Anos depois, compreendeu que o sofrimento não é parte do amor. “Isso aprendi com Nicolás. Na minha relação anterior, eu acreditava que tudo fazia parte do matrimônio e que era para toda a vida. Agora já não acredito mais nos amores masoquistas.” Trabalhadora até a exaustão, fiel às saladas, às massas e às arepas con perico – torta de milho acompanhada com o mexido nacional, composto de ovos, tomate, cebola, pimentão e páprica –, a mulher do presidente gosta de metafísica e cabalas. Foi discípula do guru indiano Sai Baba (1926-2011) e costuma consultar o I-Ching, um oráculo para os devotos do milenar livro chinês. Lendo-o, disse ter antevisto a iminência do golpe de 11 de abril de 2002 contra Chávez. Nicolás Maduro acabaria se somando ao fascínio de Cilia pelo líder espiritual de Puttaparthi (Índia), a quem visitaram juntos no seu retiro do Estado de Andhra Pradesh.

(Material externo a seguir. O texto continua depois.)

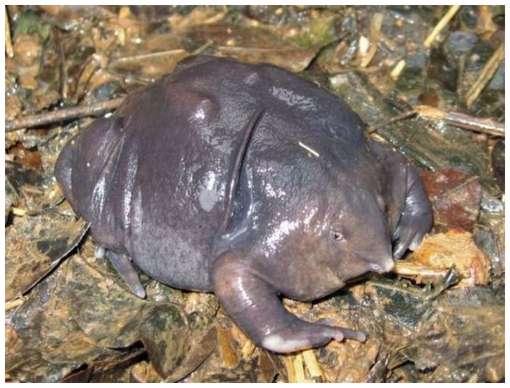 One-of-The-Rarest-Frogs-in-The-World-5.jpg One-of-The-Rarest-Frogs-in-The-World-5.jpg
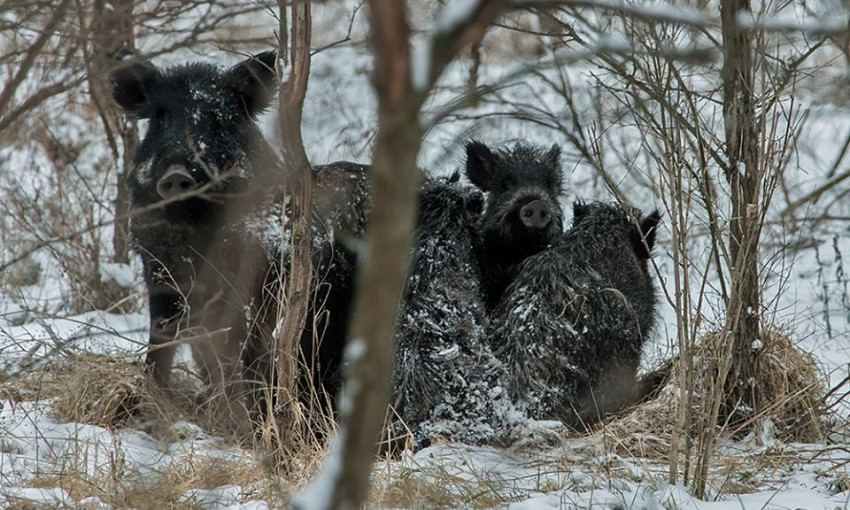 Запорожский фотограф-натуралист показал, как живут дикие звери на Хортице (ФОТО)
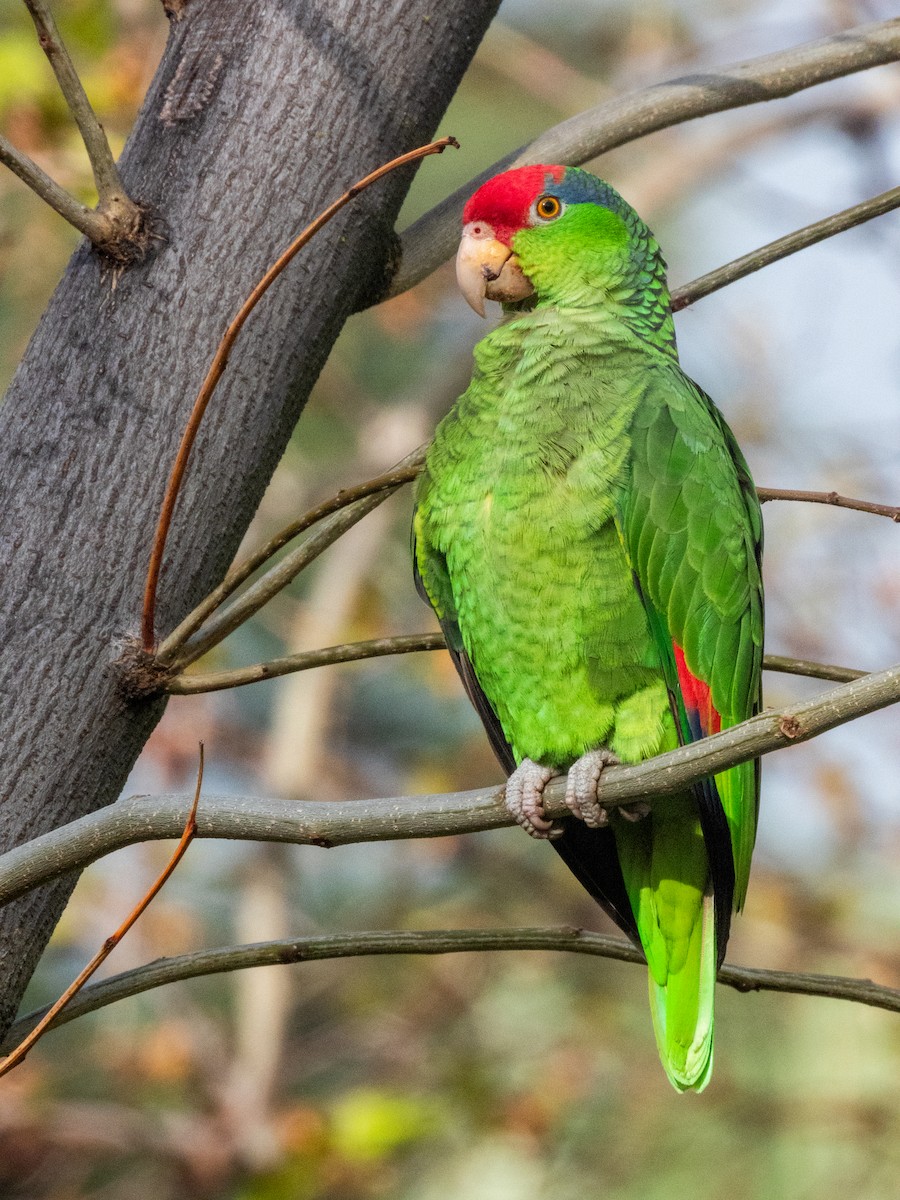 Red-crowned Parrot - Kellen Apuna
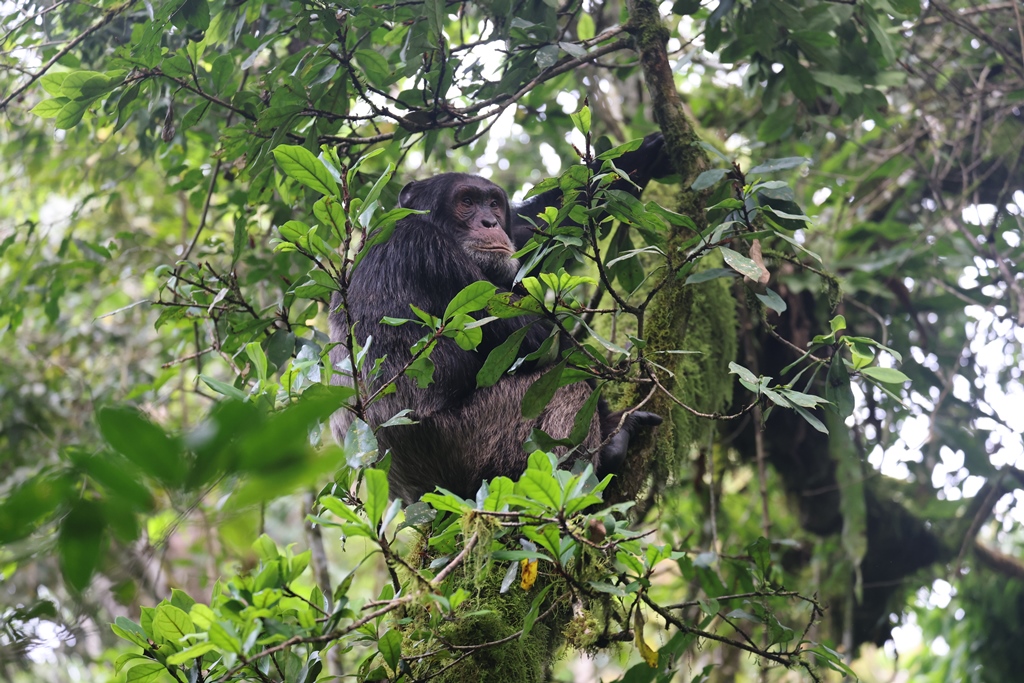 Chimpansee in Kibale Forest National Park in Uganda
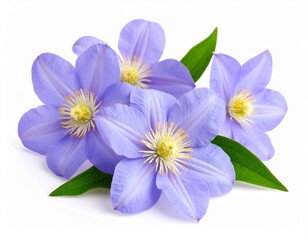 blue flowers isolated on white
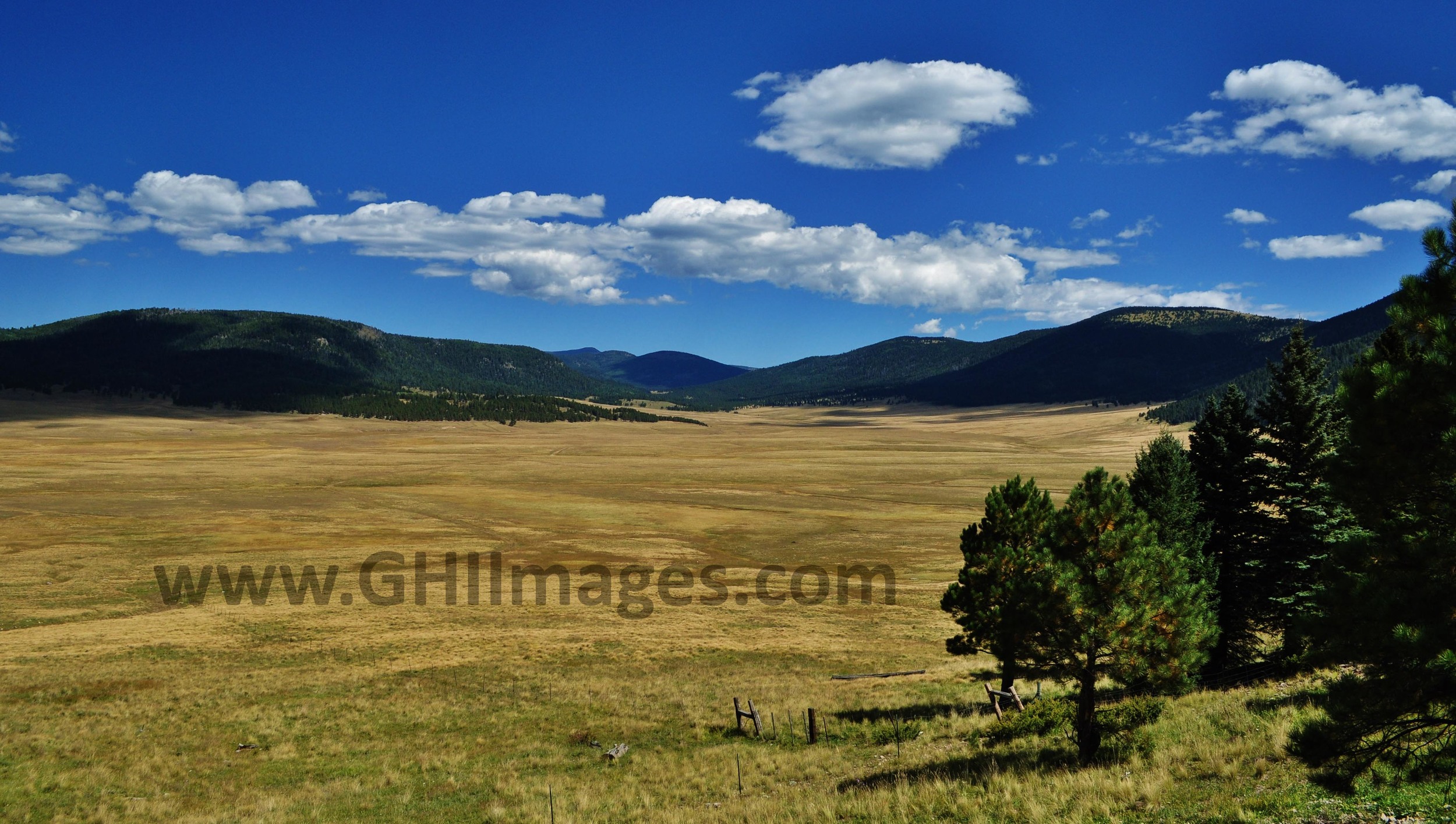 New Mexico_Color_2010_(6WM).jpg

Nem todos compartilham dos arroubos amorosos do presidente, como ficou claro na gravação atribuída em maio de 2013 ao então ponta-de-lança governamental na televisão venezuelana, Mario Silva: “Tenho medo de que Nicolás, primeiro, esteja sendo manipulado por Cilia”, diz a um interlocutor, supostamente um agente de inteligência cubano. “Este é um continente de caudilhos, compadre, e a mulher precisa estar à sombra. Por muitos troços místicos, troços espirituais, a própria mulher venezuelana gosta do homem de poder.”
Incomodado com a visibilidade das ternuras matrimoniais, o retrógrado agitador televisivo acrescenta: “Haverá alguém que diga a Nicolás que deixe de ficar mostrando Cilia? Que se mantenha como líder, e não como ‘aqui está minha mulher, um beijinho’ e troços desse estilo. Esta não é uma campanha norte-americana, é uma campanha latino-americana”.
A campanha de 2013 terminou, e com ela as bajulações propagandísticas, mas um ano depois prossegue a cumplicidade sentimental e política do casal presidencial, a coalizão entre Cilia Flores e Nicolás Maduro, para confrontar a sublevação de uma oposição que quer lhes expulsar do poder o quanto antes.